From the first line to the last, set down the material exactly and drop every picture.

/---

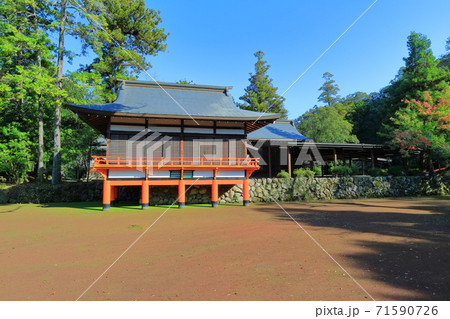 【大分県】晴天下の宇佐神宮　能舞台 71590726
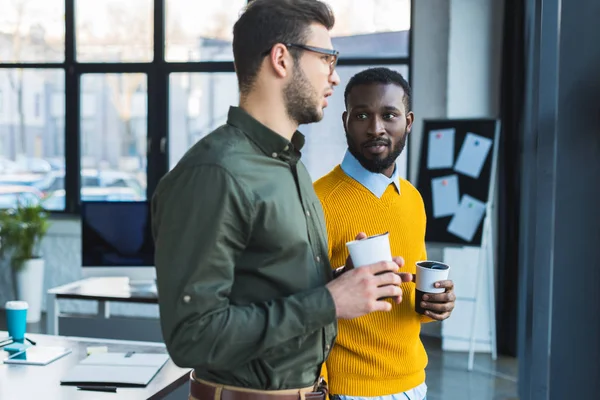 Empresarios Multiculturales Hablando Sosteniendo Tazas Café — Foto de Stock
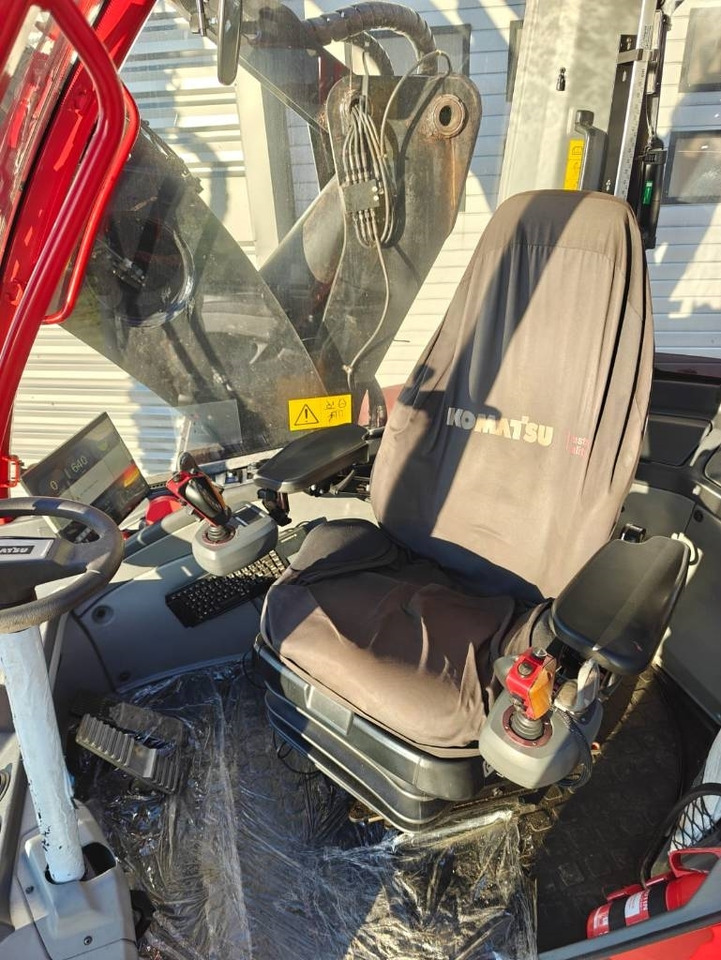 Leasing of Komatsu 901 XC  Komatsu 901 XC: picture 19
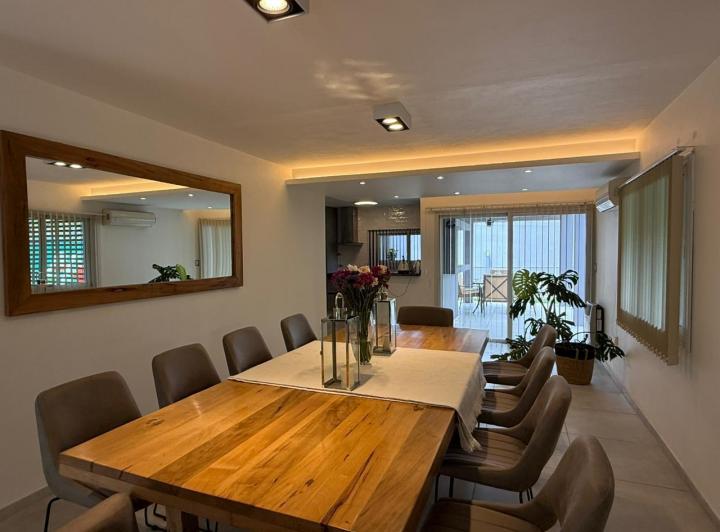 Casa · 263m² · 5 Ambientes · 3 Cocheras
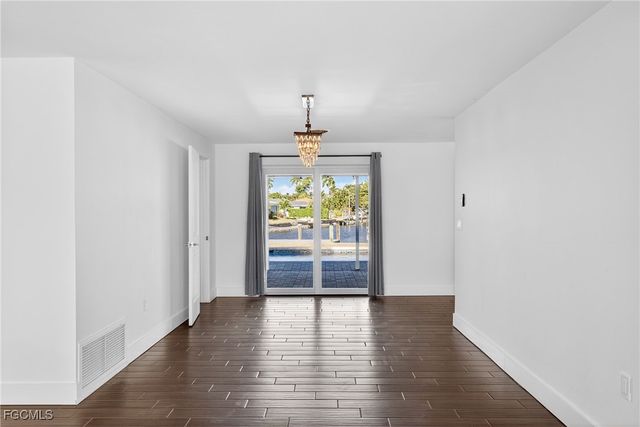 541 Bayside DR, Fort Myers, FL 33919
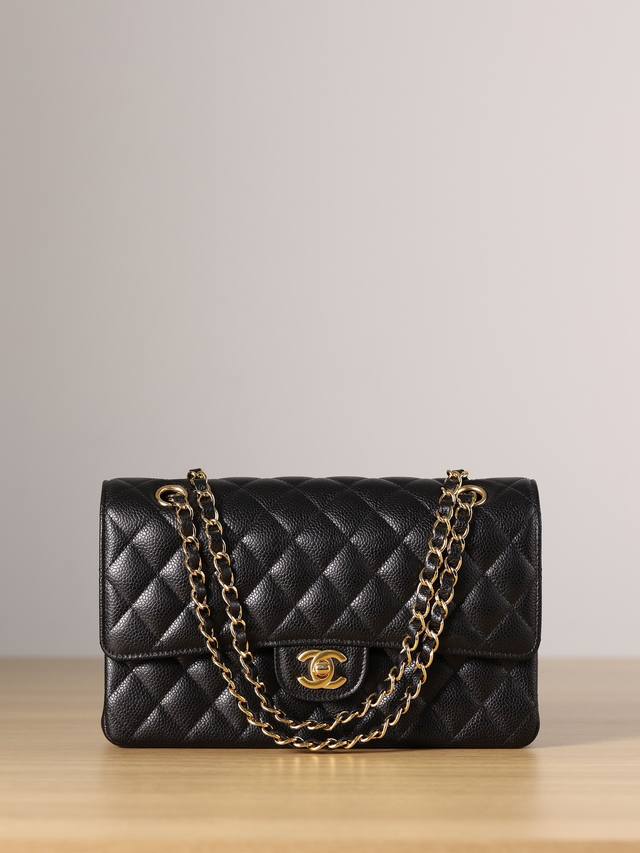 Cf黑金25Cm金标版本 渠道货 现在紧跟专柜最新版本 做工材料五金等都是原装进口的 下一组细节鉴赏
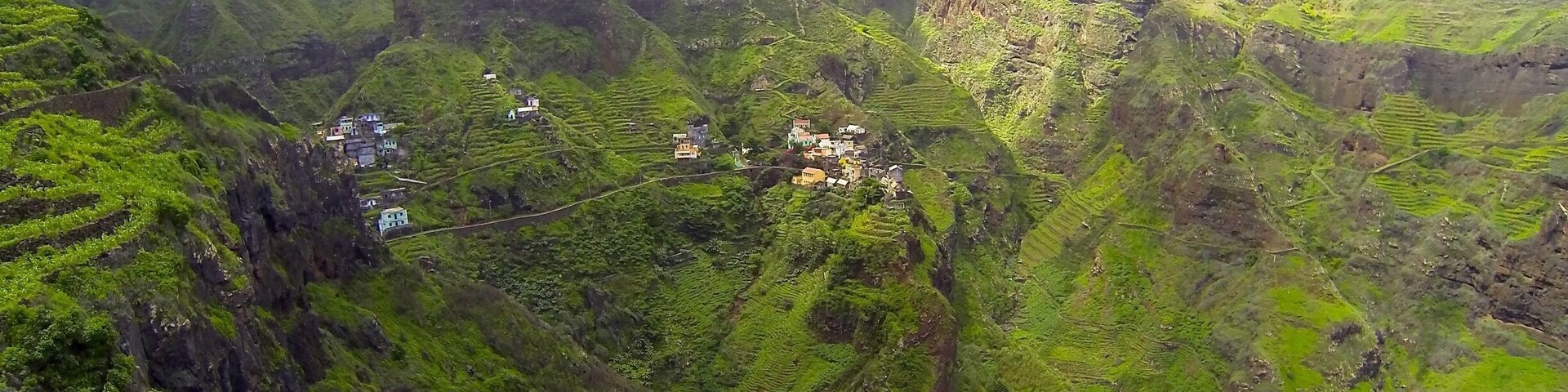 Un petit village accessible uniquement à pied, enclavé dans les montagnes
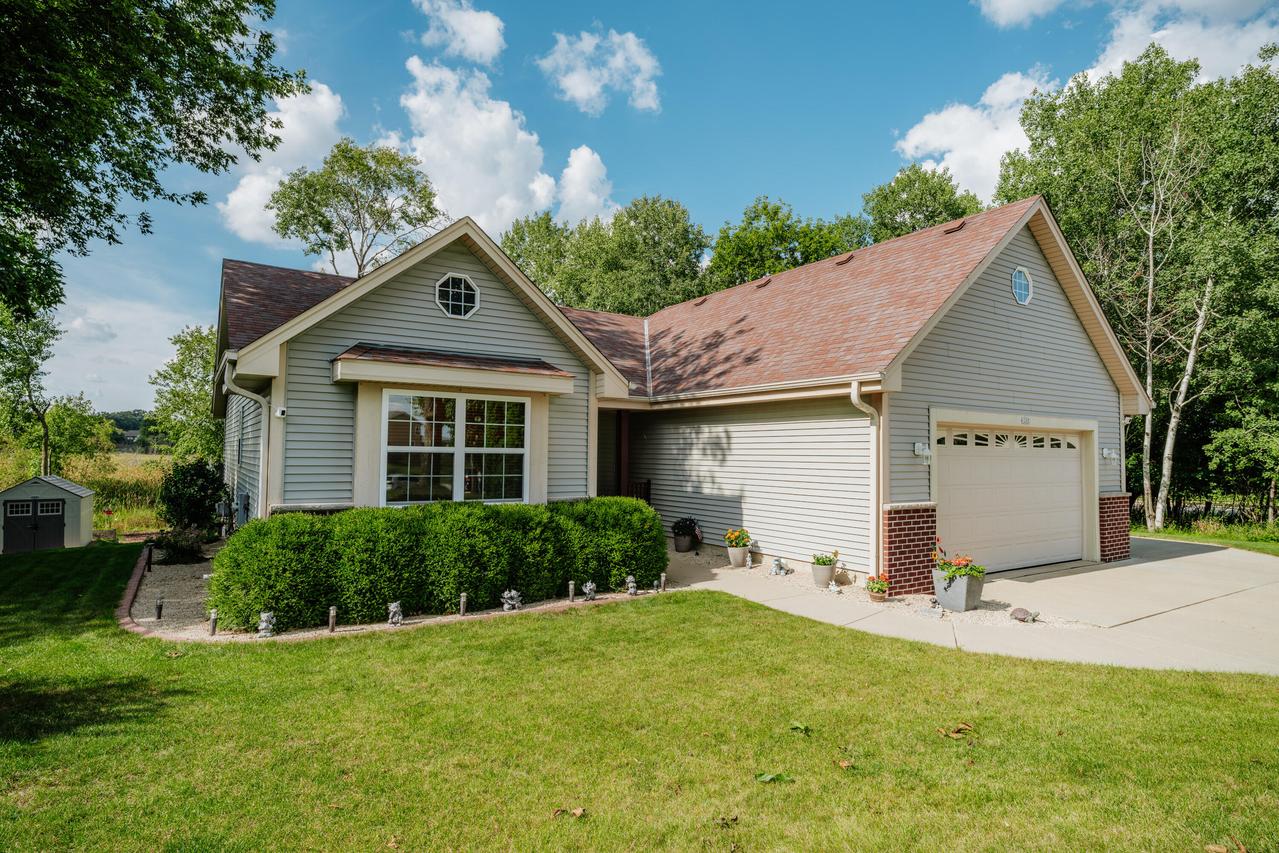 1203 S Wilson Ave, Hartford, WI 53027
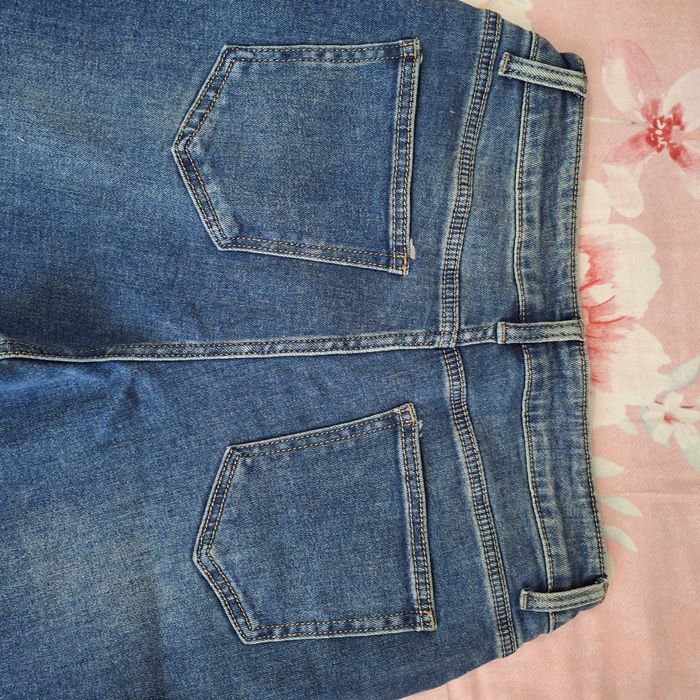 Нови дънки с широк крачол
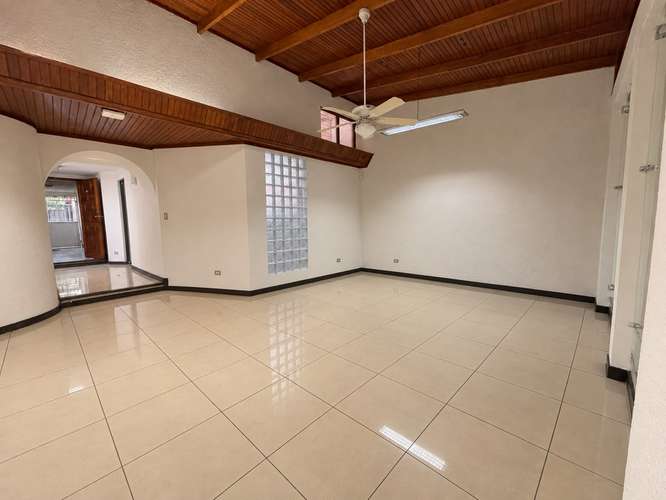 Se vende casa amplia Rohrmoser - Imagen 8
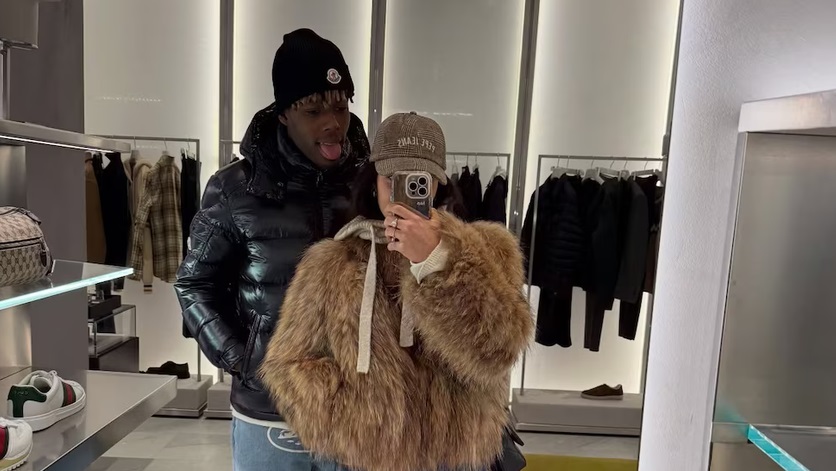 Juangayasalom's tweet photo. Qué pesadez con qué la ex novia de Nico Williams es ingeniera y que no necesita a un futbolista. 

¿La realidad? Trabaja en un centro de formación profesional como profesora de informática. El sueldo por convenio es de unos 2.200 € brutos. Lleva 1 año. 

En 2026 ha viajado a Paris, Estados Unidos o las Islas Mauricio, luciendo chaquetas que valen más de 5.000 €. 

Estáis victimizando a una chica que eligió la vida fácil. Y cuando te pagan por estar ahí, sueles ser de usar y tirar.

\---

PROBLEM SOLUTION ::
 【大分県】晴天下の宇佐神宮　能舞台 71590726
 Empresarios Multiculturales Hablando Sosteniendo Tazas Café — Foto de Stock
 Leasing of Komatsu 901 XC  Komatsu 901 XC: picture 19
 Casa · 263m² · 5 Ambientes · 3 Cocheras
 541 Bayside DR, Fort Myers, FL 33919
 Cf黑金25Cm金标版本 渠道货 现在紧跟专柜最新版本 做工材料五金等都是原装进口的 下一组细节鉴赏
 Un petit village accessible uniquement à pied, enclavé dans les montagnes
 1203 S Wilson Ave, Hartford, WI 53027
 Нови дънки с широк крачол
 Se vende casa amplia Rohrmoser - Imagen 8
 Juangayasalom's tweet photo. Qué pesadez con qué la ex novia de Nico Williams es ingeniera y que no necesita a un futbolista. 

¿La realidad? Trabaja en un centro de formación profesional como profesora de informática. El sueldo por convenio es de unos 2.200 € brutos. Lleva 1 año. 

En 2026 ha viajado a Paris, Estados Unidos o las Islas Mauricio, luciendo chaquetas que valen más de 5.000 €. 

Estáis victimizando a una chica que eligió la vida fácil. Y cuando te pagan por estar ahí, sueles ser de usar y tirar.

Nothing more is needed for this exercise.